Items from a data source

• • • •

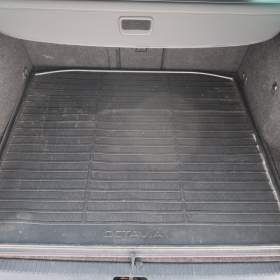 Foto inzerátu Skoda Octavia 2.0 TDI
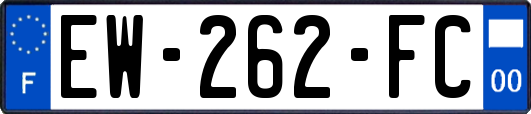 EW-262-FC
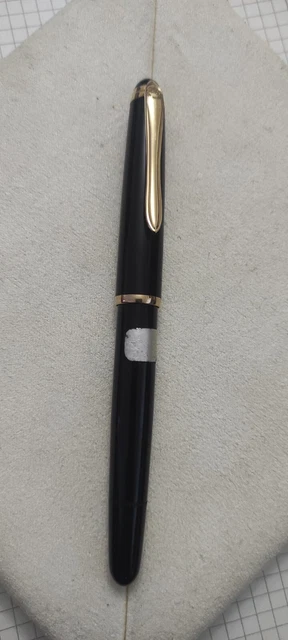Geha - Vintage fountain pen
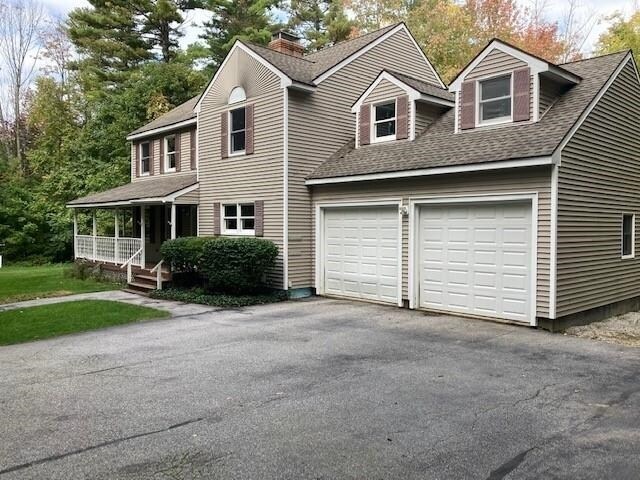 property at 95 Mammoth Rd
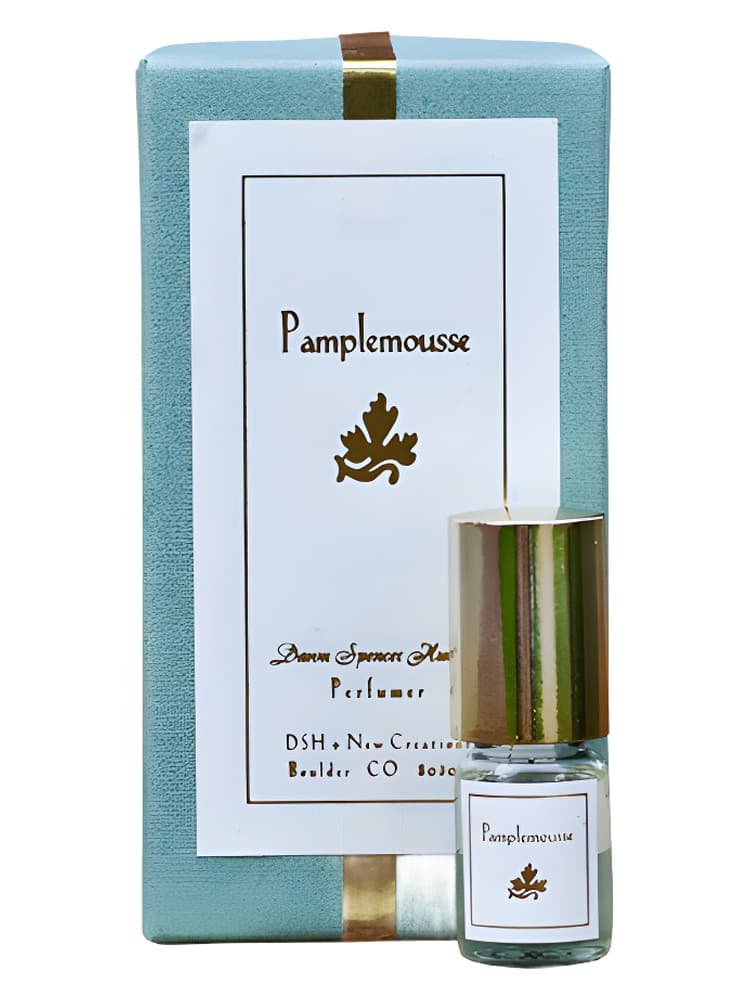 Pamplemousse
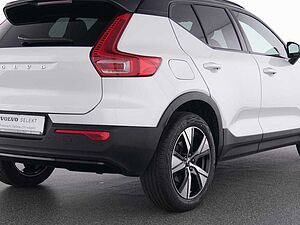 Volvo  XC 40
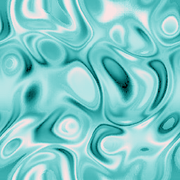 Liquid metal blue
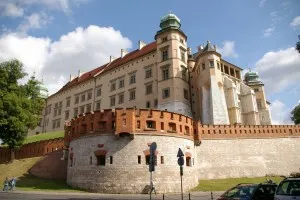 Wawel Castle (Wawel)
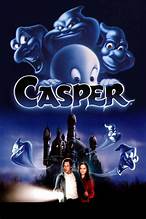 Casper (1995) poster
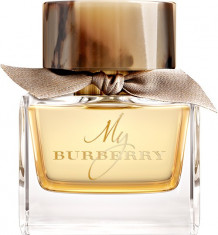 My Burberry Apa de parfum Femei 50 ml foto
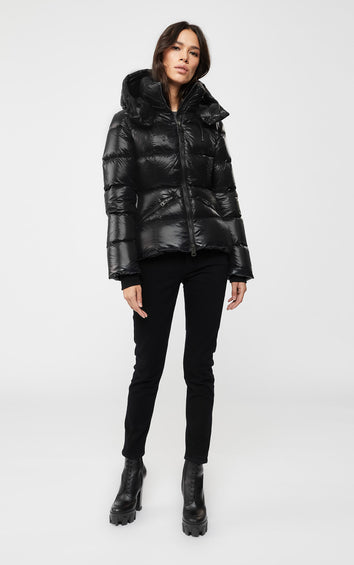 Mackage Manteau Madalyn - Femme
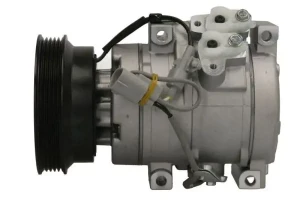 2.0 D, 2.0 D-4D TOYOTA AVENSIS Kombi (_T22_) Kompresor, klimatyzacja THERMOTEC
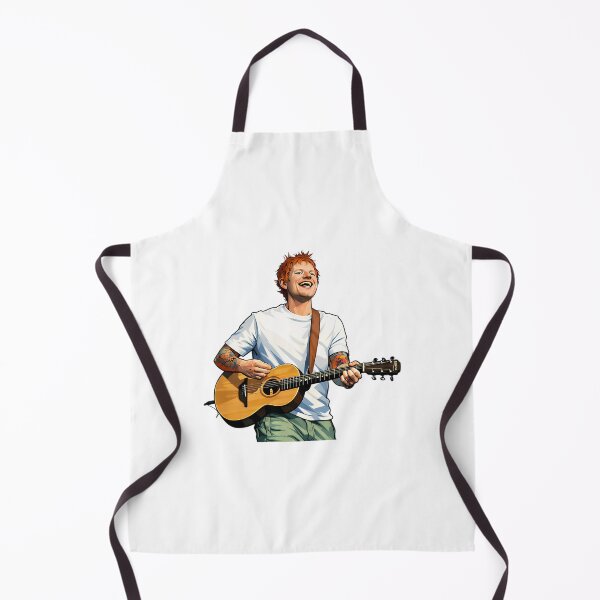 Item preview,  Ed Sheeran designed and sold by Teartynuy.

• • • •

= Problem description =
Copy the records above exactly, leaving out every picture.

= Result of the exercise =
 Foto inzerátu Skoda Octavia 2.0 TDI
 EW-262-FC
Geha - Vintage fountain pen
 property at 95 Mammoth Rd
 Pamplemousse
 Volvo  XC 40
 Liquid metal blue
 Wawel Castle (Wawel)
 Casper (1995) poster
 My Burberry Apa de parfum Femei 50 ml foto
 Mackage Manteau Madalyn - Femme
 2.0 D, 2.0 D-4D TOYOTA AVENSIS Kombi (_T22_) Kompresor, klimatyzacja THERMOTEC
 Item preview,  Ed Sheeran designed and sold by Teartynuy.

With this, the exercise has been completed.